_WHAT THE EXERCISE ASKS_
The result should consist solely of the line containing "Living Room, sector" and the lines that follow it below, each reproduced exactly, the last line included.

═════ RECORDS FOR THE TASK ═════

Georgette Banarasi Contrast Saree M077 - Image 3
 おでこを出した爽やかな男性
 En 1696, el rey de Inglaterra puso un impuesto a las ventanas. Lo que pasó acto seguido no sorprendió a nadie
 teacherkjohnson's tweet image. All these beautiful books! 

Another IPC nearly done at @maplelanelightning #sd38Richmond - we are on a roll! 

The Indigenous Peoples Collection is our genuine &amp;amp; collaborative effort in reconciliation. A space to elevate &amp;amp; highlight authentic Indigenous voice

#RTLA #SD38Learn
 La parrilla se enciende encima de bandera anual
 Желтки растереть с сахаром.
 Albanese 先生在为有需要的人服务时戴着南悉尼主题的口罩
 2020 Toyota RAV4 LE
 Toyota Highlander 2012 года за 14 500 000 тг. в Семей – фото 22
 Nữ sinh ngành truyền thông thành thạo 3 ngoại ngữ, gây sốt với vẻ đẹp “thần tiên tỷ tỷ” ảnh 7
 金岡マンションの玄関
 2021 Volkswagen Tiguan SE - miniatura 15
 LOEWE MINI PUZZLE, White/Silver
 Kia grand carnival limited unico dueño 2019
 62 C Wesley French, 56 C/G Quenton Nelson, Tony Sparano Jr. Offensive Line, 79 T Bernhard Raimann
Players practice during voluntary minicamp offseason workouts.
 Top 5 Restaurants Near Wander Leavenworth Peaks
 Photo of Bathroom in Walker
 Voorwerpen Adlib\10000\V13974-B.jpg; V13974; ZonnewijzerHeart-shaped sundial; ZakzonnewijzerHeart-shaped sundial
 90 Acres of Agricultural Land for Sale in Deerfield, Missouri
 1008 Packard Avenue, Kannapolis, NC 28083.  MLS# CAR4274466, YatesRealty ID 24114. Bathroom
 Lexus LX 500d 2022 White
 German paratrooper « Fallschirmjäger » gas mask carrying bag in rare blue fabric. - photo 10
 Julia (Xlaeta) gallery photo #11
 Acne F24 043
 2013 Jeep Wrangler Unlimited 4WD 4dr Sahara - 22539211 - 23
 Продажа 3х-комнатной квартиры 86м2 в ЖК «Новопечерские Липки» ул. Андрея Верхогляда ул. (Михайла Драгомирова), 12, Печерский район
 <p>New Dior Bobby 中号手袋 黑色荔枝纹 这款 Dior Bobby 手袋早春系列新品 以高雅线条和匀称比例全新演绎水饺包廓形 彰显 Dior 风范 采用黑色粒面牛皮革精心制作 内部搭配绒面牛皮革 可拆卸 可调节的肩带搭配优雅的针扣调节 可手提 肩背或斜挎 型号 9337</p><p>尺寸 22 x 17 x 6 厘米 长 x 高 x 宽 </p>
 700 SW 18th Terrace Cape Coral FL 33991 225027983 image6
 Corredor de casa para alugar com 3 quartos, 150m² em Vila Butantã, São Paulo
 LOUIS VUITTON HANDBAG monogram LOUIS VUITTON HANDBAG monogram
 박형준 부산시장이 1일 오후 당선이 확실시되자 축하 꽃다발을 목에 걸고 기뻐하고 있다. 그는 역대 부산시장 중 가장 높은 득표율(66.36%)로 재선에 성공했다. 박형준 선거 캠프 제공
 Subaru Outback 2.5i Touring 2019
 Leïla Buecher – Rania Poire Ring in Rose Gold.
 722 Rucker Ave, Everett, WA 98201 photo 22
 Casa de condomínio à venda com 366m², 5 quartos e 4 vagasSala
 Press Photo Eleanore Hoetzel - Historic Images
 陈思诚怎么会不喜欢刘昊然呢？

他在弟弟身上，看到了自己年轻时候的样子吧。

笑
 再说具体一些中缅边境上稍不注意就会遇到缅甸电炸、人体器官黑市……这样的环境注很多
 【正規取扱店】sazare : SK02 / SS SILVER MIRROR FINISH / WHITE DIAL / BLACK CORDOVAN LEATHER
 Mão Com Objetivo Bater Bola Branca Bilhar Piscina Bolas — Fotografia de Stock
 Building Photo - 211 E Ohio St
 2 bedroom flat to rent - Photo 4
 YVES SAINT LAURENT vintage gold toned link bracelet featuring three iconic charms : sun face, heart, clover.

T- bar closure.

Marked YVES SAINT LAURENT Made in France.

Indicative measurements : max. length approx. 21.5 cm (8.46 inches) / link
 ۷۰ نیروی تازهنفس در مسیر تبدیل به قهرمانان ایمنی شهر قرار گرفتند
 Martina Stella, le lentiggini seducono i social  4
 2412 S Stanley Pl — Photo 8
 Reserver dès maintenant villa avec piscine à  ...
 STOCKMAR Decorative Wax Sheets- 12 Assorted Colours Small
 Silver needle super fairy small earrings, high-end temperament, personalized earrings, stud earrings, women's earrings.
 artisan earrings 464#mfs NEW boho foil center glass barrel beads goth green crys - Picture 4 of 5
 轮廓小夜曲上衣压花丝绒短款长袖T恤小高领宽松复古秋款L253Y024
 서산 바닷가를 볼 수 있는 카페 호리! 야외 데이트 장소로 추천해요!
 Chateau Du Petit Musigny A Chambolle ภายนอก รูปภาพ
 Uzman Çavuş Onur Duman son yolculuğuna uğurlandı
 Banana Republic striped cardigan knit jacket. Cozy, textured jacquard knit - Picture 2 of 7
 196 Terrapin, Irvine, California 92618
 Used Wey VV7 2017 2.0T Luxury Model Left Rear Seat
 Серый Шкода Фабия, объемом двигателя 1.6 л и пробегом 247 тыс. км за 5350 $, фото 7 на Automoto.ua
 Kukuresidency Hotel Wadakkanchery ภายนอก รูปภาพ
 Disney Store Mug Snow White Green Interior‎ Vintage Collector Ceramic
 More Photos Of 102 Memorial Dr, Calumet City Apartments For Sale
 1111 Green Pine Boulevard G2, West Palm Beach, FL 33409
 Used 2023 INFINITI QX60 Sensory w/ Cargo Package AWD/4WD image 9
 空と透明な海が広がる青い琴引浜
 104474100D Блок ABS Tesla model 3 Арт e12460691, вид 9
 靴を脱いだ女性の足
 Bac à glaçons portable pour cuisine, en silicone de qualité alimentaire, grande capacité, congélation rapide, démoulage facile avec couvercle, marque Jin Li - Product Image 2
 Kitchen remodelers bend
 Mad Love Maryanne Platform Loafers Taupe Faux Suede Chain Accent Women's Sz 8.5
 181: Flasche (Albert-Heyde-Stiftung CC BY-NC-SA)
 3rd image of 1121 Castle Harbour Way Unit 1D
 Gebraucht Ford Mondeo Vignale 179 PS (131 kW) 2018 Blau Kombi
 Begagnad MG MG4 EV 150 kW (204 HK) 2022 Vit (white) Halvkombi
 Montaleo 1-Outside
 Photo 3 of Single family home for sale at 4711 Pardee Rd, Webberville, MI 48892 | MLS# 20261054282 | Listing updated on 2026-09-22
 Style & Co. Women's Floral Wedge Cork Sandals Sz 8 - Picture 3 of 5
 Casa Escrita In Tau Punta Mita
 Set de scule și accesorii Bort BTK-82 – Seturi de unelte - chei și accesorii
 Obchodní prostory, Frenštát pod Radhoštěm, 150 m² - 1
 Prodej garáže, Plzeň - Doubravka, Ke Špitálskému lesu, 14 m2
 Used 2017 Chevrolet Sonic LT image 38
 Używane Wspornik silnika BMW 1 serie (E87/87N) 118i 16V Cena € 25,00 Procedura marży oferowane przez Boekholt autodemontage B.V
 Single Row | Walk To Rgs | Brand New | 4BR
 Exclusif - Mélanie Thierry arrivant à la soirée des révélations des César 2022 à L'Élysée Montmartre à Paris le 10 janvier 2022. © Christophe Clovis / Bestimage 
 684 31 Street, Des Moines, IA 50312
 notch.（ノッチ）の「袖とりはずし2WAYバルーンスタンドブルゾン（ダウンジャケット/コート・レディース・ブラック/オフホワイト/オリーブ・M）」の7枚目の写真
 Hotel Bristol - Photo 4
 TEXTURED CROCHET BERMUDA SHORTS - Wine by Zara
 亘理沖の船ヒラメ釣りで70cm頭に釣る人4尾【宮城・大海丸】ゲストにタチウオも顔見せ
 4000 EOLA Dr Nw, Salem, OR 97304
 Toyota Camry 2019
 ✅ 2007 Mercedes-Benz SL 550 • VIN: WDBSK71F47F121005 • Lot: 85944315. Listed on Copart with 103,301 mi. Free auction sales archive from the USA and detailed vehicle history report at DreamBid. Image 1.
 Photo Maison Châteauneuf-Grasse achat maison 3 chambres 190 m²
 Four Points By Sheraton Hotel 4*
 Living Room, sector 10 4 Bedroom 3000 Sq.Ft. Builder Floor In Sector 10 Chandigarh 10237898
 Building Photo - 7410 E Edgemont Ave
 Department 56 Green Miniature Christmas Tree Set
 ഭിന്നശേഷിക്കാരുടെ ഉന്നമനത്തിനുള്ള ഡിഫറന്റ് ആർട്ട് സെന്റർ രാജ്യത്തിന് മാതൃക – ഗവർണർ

═════

_EXERCISE ANSWER_
 Living Room, sector 10 4 Bedroom 3000 Sq.Ft. Builder Floor In Sector 10 Chandigarh 10237898
 Building Photo - 7410 E Edgemont Ave
 Department 56 Green Miniature Christmas Tree Set
 ഭിന്നശേഷിക്കാരുടെ ഉന്നമനത്തിനുള്ള ഡിഫറന്റ് ആർട്ട് സെന്റർ രാജ്യത്തിന് മാതൃക – ഗവർണർ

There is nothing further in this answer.